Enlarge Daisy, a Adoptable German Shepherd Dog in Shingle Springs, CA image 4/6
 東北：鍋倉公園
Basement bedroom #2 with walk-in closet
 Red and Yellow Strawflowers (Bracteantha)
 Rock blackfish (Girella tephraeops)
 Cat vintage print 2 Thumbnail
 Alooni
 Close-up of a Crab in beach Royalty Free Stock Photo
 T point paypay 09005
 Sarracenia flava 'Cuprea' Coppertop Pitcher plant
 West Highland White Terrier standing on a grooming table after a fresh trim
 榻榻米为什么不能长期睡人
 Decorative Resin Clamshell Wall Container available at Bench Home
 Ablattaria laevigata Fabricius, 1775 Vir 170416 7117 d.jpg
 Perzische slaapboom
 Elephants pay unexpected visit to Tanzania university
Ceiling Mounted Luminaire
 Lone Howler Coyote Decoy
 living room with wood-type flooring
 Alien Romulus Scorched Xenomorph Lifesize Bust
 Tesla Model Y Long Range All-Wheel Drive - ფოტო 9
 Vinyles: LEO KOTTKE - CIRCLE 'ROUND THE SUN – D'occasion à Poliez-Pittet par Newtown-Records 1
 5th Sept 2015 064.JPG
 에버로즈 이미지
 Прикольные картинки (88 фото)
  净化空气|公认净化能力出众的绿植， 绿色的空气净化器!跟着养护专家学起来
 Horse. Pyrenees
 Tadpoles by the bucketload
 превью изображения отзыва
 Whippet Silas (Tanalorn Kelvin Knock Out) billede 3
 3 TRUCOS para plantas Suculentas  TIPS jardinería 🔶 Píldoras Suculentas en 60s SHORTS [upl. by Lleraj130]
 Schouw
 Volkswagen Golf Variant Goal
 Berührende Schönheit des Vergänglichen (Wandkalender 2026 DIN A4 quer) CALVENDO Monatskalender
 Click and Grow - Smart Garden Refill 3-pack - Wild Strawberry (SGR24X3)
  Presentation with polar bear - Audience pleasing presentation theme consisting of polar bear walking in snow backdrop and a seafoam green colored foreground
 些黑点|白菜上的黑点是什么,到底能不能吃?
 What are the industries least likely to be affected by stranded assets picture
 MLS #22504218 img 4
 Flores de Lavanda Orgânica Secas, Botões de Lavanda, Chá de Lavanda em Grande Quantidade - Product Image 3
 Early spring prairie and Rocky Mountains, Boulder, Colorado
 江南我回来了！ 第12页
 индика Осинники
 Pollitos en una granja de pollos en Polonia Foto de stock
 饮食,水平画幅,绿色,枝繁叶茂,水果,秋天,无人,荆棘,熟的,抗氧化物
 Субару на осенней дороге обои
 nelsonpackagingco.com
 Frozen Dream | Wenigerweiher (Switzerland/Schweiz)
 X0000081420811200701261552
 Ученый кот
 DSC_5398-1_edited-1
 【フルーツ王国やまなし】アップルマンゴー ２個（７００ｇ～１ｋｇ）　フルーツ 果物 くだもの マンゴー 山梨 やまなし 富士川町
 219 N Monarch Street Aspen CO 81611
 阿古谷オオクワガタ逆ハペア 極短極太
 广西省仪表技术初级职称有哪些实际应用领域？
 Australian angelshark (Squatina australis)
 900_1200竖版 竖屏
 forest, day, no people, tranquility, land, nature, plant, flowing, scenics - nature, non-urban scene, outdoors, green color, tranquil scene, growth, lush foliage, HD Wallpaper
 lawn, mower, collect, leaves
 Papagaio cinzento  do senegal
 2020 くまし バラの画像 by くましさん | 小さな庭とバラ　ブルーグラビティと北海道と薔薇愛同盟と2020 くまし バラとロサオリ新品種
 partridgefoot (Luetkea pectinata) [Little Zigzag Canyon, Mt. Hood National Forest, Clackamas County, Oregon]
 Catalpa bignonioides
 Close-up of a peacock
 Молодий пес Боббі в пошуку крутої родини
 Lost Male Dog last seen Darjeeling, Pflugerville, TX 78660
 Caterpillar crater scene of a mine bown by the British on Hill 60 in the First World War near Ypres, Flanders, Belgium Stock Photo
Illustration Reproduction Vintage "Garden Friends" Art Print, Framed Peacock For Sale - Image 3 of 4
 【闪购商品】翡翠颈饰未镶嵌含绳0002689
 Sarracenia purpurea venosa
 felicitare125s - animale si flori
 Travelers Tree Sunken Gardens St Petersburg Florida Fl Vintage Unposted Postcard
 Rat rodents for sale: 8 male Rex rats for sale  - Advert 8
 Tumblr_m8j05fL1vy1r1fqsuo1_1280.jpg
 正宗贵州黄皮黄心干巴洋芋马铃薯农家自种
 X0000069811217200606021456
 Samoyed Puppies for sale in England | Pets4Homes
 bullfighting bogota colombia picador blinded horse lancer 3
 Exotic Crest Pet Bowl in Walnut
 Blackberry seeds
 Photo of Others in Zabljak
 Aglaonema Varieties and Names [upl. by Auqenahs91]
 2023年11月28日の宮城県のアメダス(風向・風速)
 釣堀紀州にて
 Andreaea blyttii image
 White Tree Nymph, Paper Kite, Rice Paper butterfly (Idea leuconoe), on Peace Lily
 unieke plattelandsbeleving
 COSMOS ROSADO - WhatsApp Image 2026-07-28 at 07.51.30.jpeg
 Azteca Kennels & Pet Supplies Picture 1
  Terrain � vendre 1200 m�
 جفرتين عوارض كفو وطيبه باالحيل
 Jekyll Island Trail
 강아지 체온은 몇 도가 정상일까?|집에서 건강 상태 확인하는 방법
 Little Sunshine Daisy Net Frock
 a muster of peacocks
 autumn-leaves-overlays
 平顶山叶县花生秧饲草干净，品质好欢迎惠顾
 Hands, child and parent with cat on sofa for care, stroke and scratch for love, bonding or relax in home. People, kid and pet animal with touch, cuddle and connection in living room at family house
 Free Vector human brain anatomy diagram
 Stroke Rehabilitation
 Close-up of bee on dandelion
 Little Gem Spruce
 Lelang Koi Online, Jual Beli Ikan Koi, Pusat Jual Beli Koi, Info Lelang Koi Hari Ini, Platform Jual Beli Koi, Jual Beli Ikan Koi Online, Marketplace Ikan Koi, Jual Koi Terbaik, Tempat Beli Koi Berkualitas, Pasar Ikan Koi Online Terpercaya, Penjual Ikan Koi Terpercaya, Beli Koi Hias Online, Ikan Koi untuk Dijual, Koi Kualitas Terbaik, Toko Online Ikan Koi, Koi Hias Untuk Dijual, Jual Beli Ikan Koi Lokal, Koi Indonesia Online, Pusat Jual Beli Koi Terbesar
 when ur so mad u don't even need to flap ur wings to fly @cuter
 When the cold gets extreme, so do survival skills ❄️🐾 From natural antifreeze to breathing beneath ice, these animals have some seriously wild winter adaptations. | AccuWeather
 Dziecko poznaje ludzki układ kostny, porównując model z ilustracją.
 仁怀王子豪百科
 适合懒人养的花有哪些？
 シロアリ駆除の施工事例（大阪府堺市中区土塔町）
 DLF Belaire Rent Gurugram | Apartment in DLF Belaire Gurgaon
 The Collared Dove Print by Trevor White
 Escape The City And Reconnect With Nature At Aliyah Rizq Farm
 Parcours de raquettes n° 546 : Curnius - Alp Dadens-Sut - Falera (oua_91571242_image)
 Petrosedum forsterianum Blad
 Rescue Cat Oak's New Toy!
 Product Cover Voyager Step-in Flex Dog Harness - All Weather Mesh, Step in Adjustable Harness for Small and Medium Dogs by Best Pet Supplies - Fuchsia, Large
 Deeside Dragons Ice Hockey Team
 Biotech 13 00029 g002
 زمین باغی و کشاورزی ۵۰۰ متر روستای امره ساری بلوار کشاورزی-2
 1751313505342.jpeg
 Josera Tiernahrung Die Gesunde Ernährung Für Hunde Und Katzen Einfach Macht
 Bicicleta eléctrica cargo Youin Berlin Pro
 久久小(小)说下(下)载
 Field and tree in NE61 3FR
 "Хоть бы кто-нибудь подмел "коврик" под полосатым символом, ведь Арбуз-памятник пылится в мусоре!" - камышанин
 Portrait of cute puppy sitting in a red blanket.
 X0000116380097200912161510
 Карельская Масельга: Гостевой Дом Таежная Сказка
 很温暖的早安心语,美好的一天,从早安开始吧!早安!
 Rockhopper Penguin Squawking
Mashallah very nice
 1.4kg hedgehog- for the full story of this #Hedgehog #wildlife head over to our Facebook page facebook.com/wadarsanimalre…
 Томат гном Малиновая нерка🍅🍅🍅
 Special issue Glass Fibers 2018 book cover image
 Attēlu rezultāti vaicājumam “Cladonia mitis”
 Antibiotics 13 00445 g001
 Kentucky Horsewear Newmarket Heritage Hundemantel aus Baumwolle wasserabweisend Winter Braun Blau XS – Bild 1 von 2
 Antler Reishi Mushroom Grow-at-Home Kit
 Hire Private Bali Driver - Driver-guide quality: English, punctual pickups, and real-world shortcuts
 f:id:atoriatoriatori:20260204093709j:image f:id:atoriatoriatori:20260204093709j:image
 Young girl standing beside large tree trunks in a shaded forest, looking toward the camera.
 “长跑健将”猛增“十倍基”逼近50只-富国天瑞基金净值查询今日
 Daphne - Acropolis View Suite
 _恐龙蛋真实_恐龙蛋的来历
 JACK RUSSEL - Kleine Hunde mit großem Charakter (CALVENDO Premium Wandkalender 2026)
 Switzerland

__________________________________________________

Task directions:
Look above for the line with "Sarracenia purpurea venosa" and the line with "X0000069811217200606021456"; transcribe both and all lines in between, exactly, and nothing else.

Finished task:
 Sarracenia purpurea venosa
 felicitare125s - animale si flori
 Travelers Tree Sunken Gardens St Petersburg Florida Fl Vintage Unposted Postcard
 Rat rodents for sale: 8 male Rex rats for sale  - Advert 8
 Tumblr_m8j05fL1vy1r1fqsuo1_1280.jpg
 正宗贵州黄皮黄心干巴洋芋马铃薯农家自种
 X0000069811217200606021456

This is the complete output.